Time Inc. is getting $10 million in tax breaks to relocate to Brookfield Place, The Wall Street Journal reports. Which, along with Conde Nast’s impending move, might signal a shift in the media’s geographic center. The move also raises questions of why massive tax breaks are being given to shift business from Midtown to Lower Manhattan.
Police are trying to crack down on a high school fight club that has started to meet behind the Atlantic Center Mall in Fort Greene, DNAinfo reports. Unfortunately, someone fired a gun during the last melee, which is probably the end of a budding high school legend.
Yesterday City Planning chair Carl Weisbrod told the City Council that at least 15 neighborhoods would be targeted for more density and taller buildings, as part of the administration’s affordable housing plan, Crain’s reports.
The New York Times checks in on workers assembling the Thunderbolt in Coney Island, which is a complicated process. The exceedingly skinny coaster, with an unusual three seats across, is scheduled to open on May 31. “There will continually be new sensations,” says the coaster’s owner, “so riders won’t have time to be scared.” What is scary? Paying $10 for a 2 minute ride.
Gene Kaufman is suing the owner of the Hotel Chelsea, DNAinfo reports, claiming that they’re still using his architectural designs to overhaul the hotel. The owner, King & Grove, who rebranded the hotel group the Chelsea Hotels yesterday, fired Mr. Kaufman when it split with Joe Chetrit last year and hired Marvel Architects.

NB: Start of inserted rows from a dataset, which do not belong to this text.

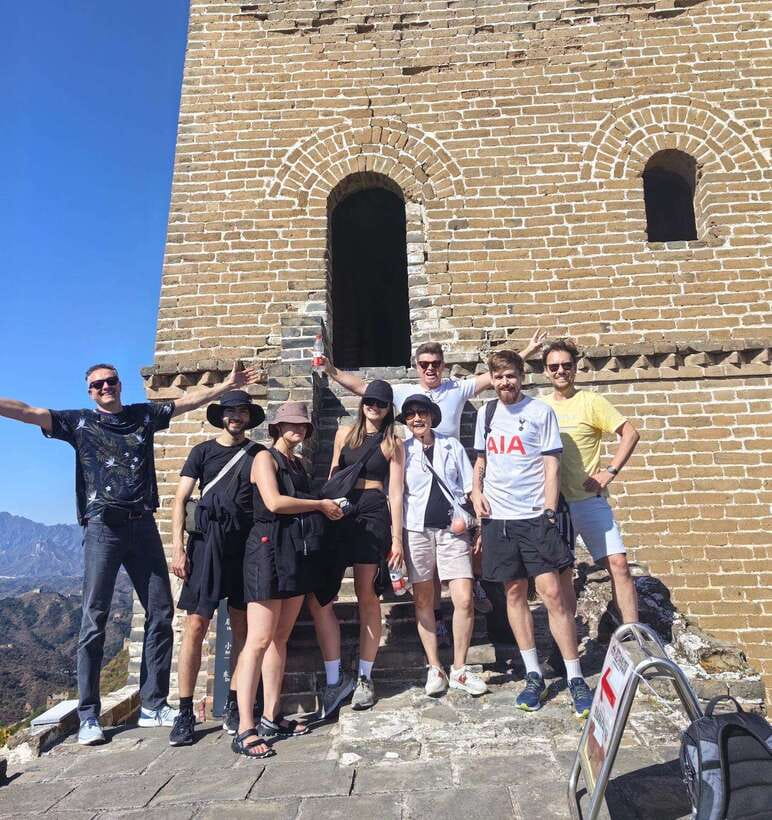 From Beijing: Small Group Hike at Jinshanling Great Wall - Starting at Jinshanling East
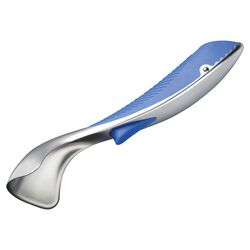 Animal House Whale Ice Cream Spade in Blue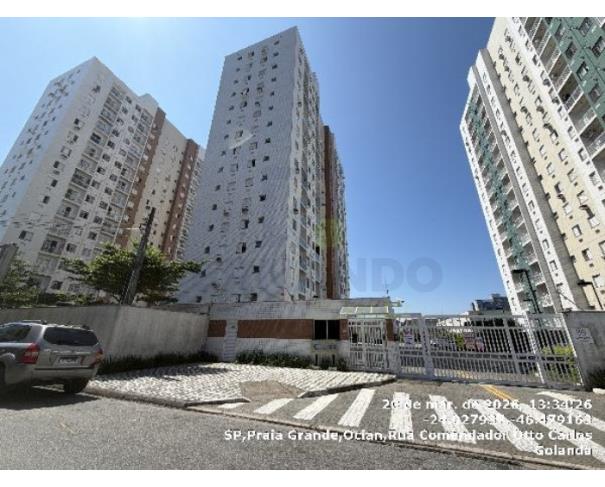 Foto de PRAIA GRANDE/SP — Apartamento com 2 quartos (8555538347921)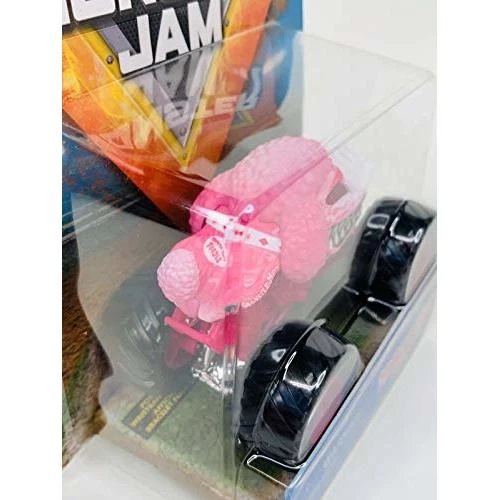 Monster Jam Ruff Crowd Monster Mutt Poodle 1:64 Diecast Monster Truck With Wristband By Spin Master 3 Monster Jam Ruff Crowd Monster Mutt Poodle 1:64 Diecast Monster Truck With Wristband By Spin Master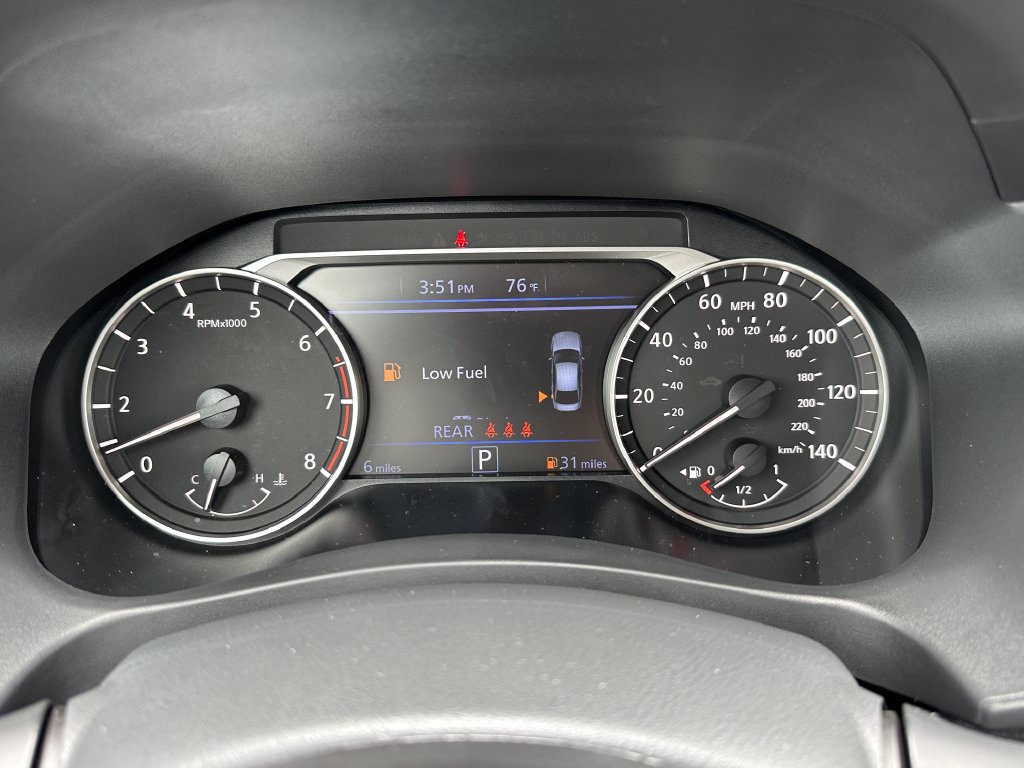 New 2026 Nissan Altima 2.5 SV FWD image 26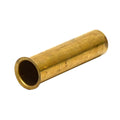 Moeller Boat Drain Pipe 021033-400D - Flanged 4 X 1 Inch Brass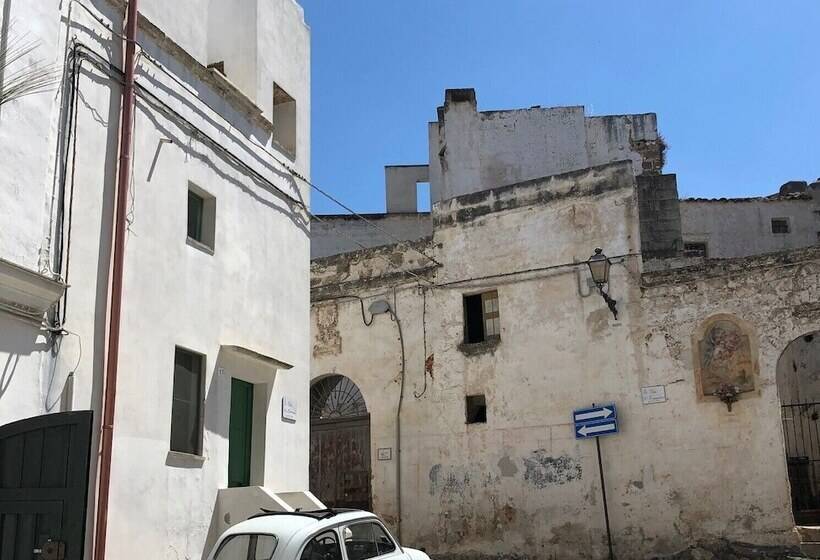 Bed and Breakfast Palais Gentile Salento Puglia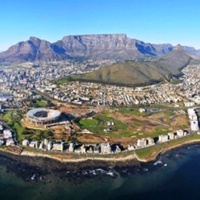 Imagen para la entrada Plano topográfico Ciudad Del Cabo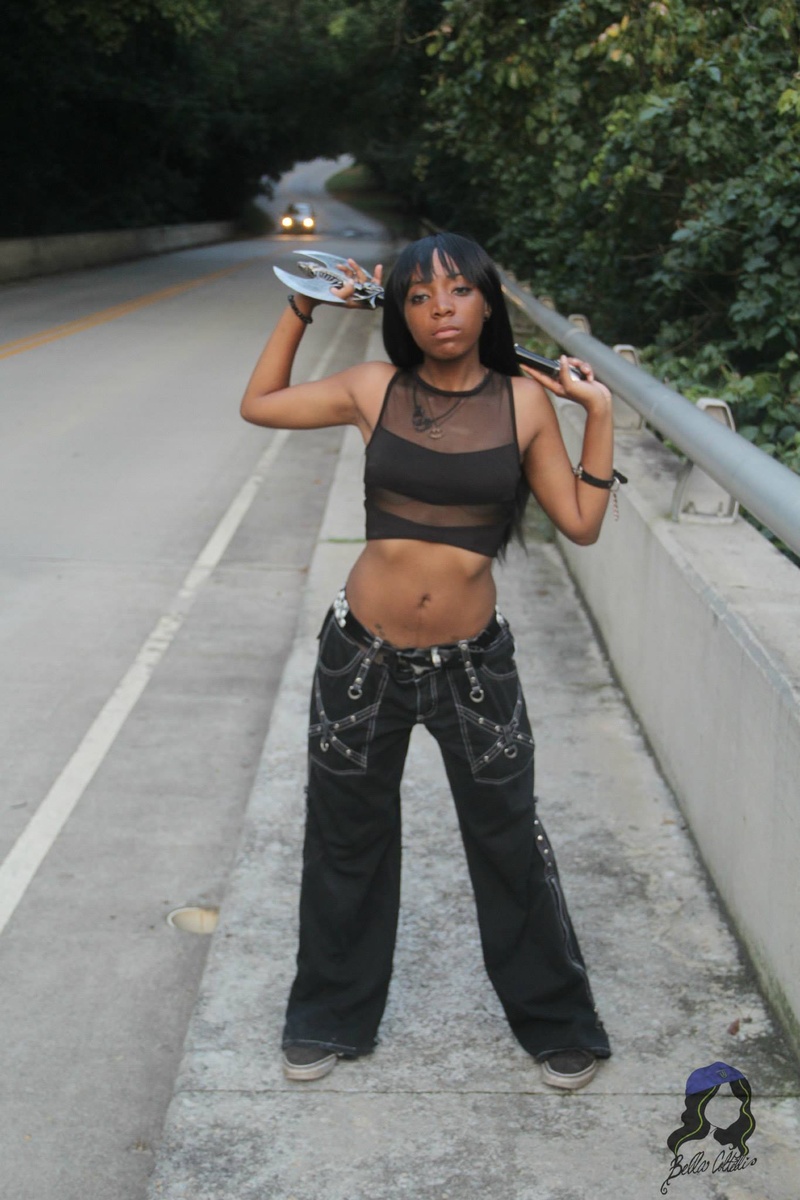 Female model photo shoot of Toni A Lewis in Atlanta, GA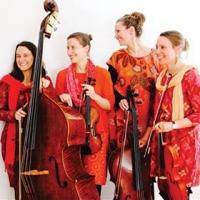 Lokanga Köln Quartet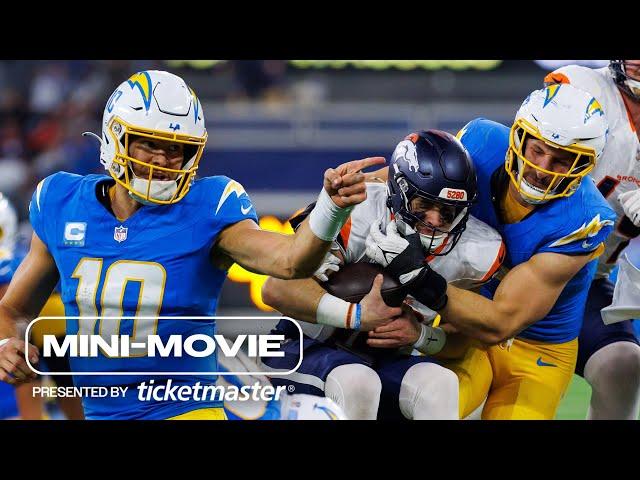 Mini-Movie: Chargers' Epic Comeback vs Broncos | LA Chargers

Among the charming remnants of the era when horse-drawn carriages were the way to travel: stable streets, which The New York Times’ Christopher Gray delves into, taking an in-depth look at 69th Street between Lexington and Third. However, the carriage houses were anything but beloved when in use in by horses, and less-fortunate neighbors often raised a stink about being situated next door to millionaire’s horse manure.
The Villager reports on how Gov. Cuomo wants to close the Pier 40 air rights transfer to St. John’s Terminal without its going through ULURP, a move that has angered many who think the Hudson River Park transfers should have to pass through city approval processes.
A rent-stabilized apartment in the East Village is poised to be a test case for whether or not rent-controlled apartments can be sold off in bankruptcy, The Wall Street Journal reports. The question hinges on whether the unit is a public-assistance benefit or not.
Bed-Stuy councilman Robert Cornegy has opened the borough’s first breast-feeding station at restoration plaza, a comfortable room with cushy chairs and a refrigerator for storing milk, according to DNAinfo. He got the idea after watching his wife struggle to find a place to breastfeed without occasioning dirty looks.